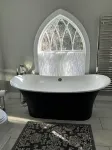 The Inn Crowd Bed and Breakfast - 4-Star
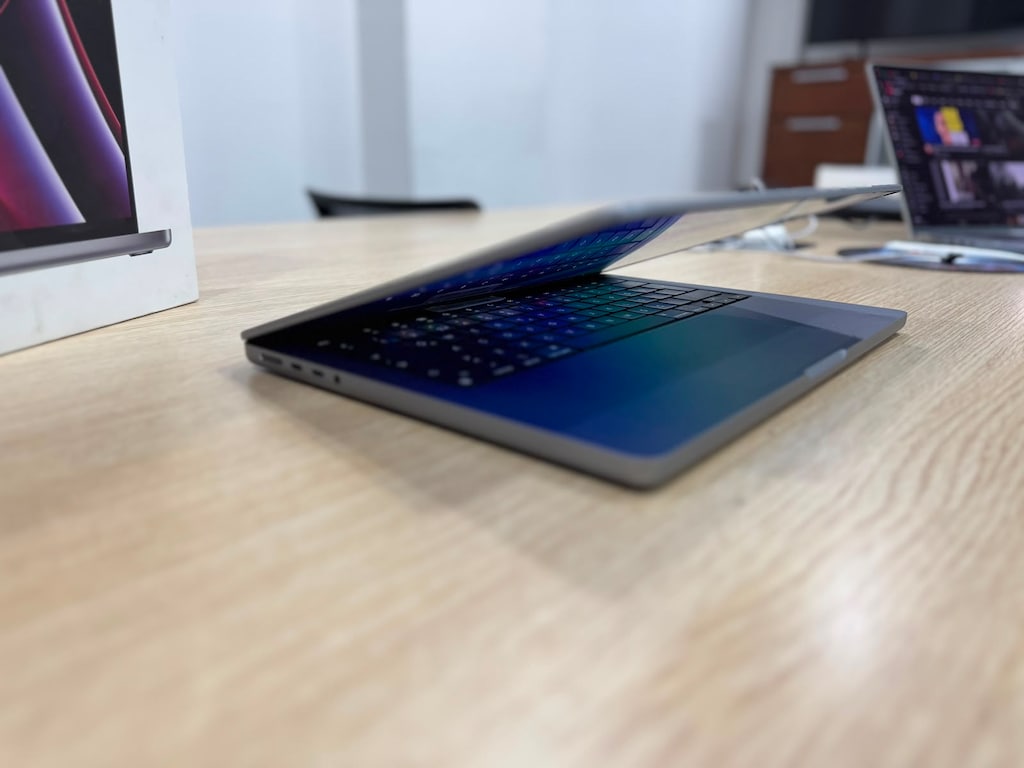 Temiz MacBook Pro 14" M2 Pro | 16GB RAM | 512GB SSD | 220 DEVİR - 2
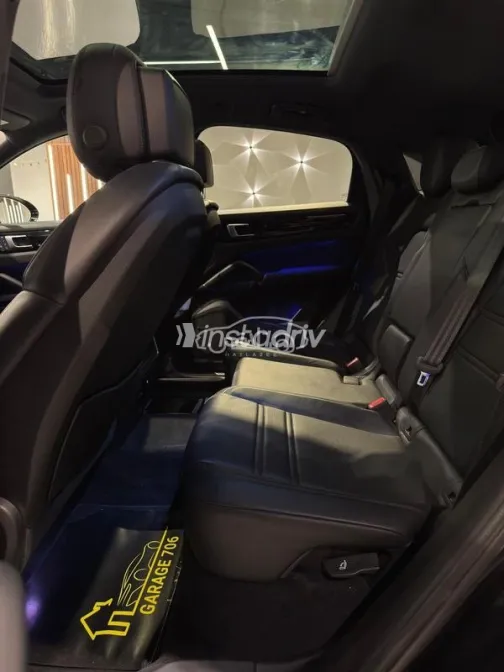 Porsche Cayenne S 2022 Black Used for Sale - 7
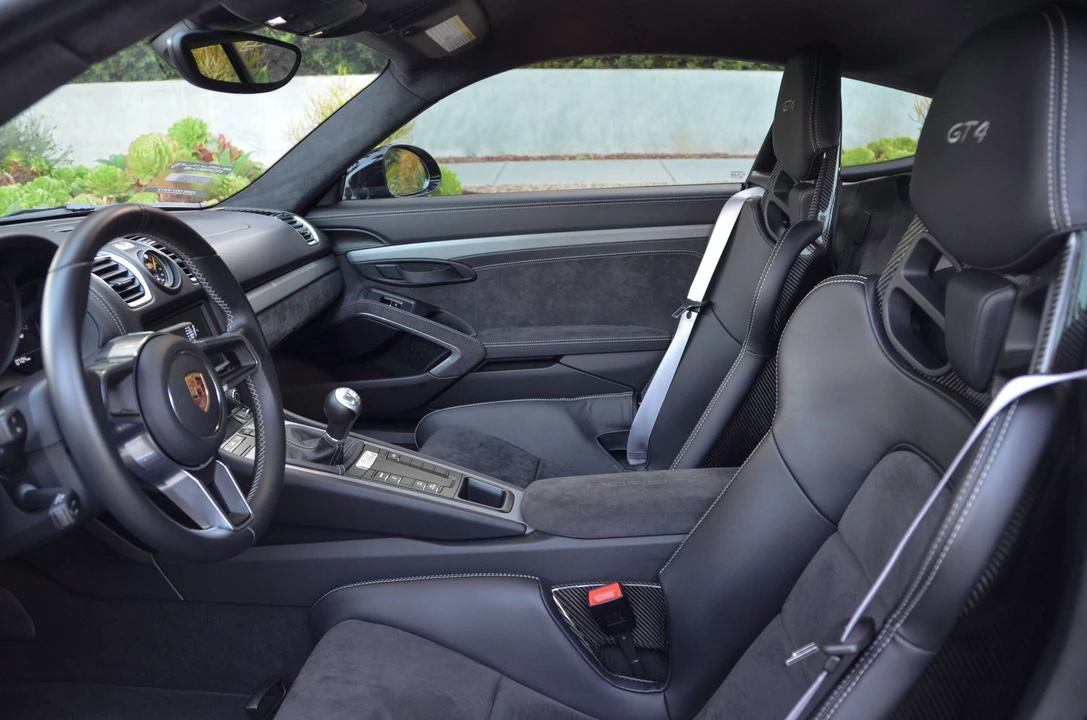 2016 Porsche 981 Cayman GT4 - Image 5 of 12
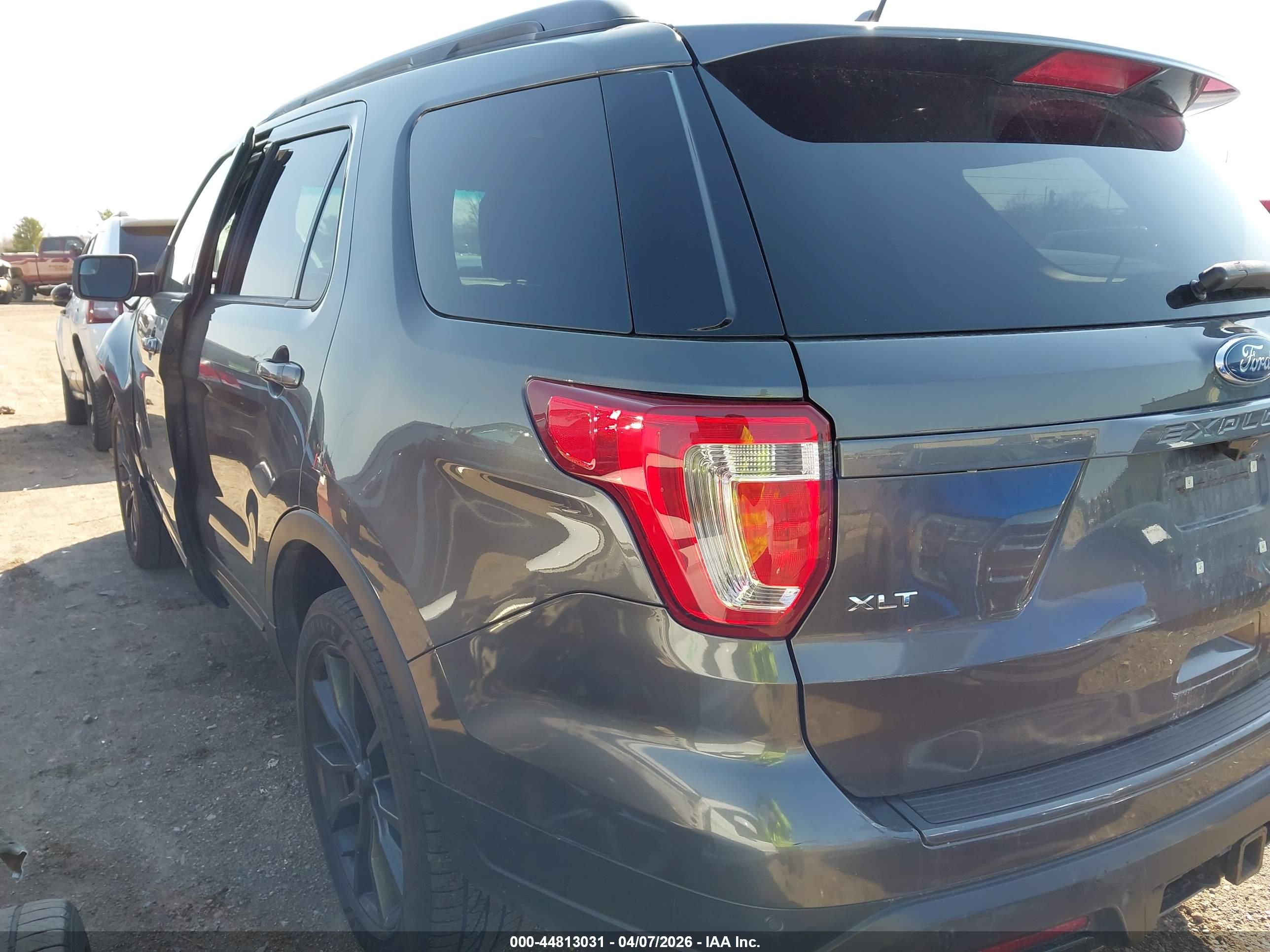 FORD EXPLORER image 3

Aim of the exercise
Repeat the listing exactly, minus its pictures.

Exercise result
 The Inn Crowd Bed and Breakfast - 4-Star
 Temiz MacBook Pro 14" M2 Pro | 16GB RAM | 512GB SSD | 220 DEVİR - 2
 Porsche Cayenne S 2022 Black Used for Sale - 7
 2016 Porsche 981 Cayman GT4 - Image 5 of 12
 FORD EXPLORER image 3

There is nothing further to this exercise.